Required action:
Find the line with "Đất chợ Lai" in the records below. Copy it and every line after it, up to and including the line with "Landhotel Donner メシェデ エクステリア 写真".

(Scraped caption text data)

%%

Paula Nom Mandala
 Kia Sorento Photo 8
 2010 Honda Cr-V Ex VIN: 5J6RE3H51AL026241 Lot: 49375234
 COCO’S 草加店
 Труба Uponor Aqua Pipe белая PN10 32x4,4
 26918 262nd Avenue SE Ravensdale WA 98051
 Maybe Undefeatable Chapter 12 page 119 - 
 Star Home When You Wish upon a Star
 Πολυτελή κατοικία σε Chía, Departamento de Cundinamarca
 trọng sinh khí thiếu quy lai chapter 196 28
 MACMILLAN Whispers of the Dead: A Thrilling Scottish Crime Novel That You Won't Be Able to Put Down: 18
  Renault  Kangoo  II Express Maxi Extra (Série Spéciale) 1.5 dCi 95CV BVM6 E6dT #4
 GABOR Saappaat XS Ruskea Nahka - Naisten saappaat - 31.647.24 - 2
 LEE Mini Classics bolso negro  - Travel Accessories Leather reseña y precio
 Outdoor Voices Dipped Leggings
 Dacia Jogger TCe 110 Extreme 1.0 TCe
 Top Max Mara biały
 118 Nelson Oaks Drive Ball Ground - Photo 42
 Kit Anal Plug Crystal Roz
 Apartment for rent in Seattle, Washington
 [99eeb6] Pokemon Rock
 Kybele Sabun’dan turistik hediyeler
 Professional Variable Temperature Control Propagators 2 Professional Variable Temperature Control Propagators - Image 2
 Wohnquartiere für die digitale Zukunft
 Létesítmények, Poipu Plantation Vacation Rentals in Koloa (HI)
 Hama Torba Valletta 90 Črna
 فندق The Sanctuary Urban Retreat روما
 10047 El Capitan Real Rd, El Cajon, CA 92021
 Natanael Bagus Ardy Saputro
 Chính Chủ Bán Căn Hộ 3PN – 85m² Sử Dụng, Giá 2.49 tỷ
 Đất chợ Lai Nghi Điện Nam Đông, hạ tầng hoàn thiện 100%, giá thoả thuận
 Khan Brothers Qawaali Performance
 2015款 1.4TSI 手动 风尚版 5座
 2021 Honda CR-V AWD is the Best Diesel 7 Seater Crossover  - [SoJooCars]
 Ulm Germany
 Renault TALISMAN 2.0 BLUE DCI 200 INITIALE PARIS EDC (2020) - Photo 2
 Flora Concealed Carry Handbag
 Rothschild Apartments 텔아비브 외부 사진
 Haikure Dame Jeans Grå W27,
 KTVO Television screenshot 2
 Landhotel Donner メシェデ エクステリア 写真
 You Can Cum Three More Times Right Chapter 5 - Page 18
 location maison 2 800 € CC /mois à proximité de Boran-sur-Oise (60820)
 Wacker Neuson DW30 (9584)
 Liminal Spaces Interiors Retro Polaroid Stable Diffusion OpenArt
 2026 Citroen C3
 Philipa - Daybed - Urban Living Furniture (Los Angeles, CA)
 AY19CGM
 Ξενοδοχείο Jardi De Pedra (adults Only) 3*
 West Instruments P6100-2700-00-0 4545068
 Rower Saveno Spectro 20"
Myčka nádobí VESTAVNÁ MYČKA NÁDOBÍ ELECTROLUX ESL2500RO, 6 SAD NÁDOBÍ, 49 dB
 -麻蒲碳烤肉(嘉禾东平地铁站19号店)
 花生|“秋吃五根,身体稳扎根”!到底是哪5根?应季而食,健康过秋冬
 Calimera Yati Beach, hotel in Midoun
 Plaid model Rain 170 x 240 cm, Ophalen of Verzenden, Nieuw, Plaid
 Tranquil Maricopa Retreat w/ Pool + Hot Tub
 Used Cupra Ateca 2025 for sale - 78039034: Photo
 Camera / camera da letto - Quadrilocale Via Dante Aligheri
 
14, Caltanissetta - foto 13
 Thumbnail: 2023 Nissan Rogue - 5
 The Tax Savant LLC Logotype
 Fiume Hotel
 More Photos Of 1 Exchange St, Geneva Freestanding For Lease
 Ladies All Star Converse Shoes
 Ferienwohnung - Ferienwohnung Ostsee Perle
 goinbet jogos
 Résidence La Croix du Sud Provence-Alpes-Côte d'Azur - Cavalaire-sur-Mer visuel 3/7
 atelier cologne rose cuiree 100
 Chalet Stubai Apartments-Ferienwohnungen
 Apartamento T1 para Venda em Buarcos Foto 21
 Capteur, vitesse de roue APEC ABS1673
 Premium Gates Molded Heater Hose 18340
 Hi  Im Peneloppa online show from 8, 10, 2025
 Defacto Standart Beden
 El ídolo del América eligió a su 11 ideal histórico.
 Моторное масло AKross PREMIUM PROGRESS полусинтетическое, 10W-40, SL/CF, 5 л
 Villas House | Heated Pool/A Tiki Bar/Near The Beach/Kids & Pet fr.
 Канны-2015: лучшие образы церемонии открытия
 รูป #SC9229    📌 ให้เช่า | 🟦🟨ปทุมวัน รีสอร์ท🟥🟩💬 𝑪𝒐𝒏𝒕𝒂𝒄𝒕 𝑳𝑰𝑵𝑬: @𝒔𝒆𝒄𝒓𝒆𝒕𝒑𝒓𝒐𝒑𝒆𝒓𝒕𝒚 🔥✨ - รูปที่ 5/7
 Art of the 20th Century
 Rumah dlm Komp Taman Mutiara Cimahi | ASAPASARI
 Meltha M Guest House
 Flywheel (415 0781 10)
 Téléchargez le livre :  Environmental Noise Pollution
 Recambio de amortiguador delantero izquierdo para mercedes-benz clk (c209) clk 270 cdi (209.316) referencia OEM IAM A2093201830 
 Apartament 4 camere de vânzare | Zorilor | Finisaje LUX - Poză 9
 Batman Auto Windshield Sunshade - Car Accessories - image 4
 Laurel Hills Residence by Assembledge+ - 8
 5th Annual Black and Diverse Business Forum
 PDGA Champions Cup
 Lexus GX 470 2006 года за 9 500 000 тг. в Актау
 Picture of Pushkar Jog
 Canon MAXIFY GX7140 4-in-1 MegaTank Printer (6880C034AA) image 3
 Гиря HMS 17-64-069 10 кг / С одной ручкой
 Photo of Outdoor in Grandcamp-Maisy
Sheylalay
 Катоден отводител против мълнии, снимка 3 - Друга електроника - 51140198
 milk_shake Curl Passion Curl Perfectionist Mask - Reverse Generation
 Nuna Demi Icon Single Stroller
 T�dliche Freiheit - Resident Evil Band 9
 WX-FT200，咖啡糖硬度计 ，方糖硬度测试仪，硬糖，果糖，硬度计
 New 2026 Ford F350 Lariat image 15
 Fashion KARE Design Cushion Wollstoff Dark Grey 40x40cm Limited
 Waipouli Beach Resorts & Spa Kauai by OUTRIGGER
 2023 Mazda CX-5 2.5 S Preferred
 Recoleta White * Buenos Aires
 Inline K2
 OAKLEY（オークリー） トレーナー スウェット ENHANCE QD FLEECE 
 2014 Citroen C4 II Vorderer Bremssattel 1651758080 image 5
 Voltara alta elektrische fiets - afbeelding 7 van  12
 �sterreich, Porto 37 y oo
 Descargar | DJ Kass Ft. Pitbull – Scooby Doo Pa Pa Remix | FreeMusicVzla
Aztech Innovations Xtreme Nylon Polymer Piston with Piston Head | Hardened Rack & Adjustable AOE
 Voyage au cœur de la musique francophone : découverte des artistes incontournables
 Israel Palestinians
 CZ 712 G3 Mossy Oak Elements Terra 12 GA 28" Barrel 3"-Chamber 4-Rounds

%%

Answer to this task:
 Đất chợ Lai Nghi Điện Nam Đông, hạ tầng hoàn thiện 100%, giá thoả thuận
 Khan Brothers Qawaali Performance
 2015款 1.4TSI 手动 风尚版 5座
 2021 Honda CR-V AWD is the Best Diesel 7 Seater Crossover  - [SoJooCars]
 Ulm Germany
 Renault TALISMAN 2.0 BLUE DCI 200 INITIALE PARIS EDC (2020) - Photo 2
 Flora Concealed Carry Handbag
 Rothschild Apartments 텔아비브 외부 사진
 Haikure Dame Jeans Grå W27,
 KTVO Television screenshot 2
 Landhotel Donner メシェデ エクステリア 写真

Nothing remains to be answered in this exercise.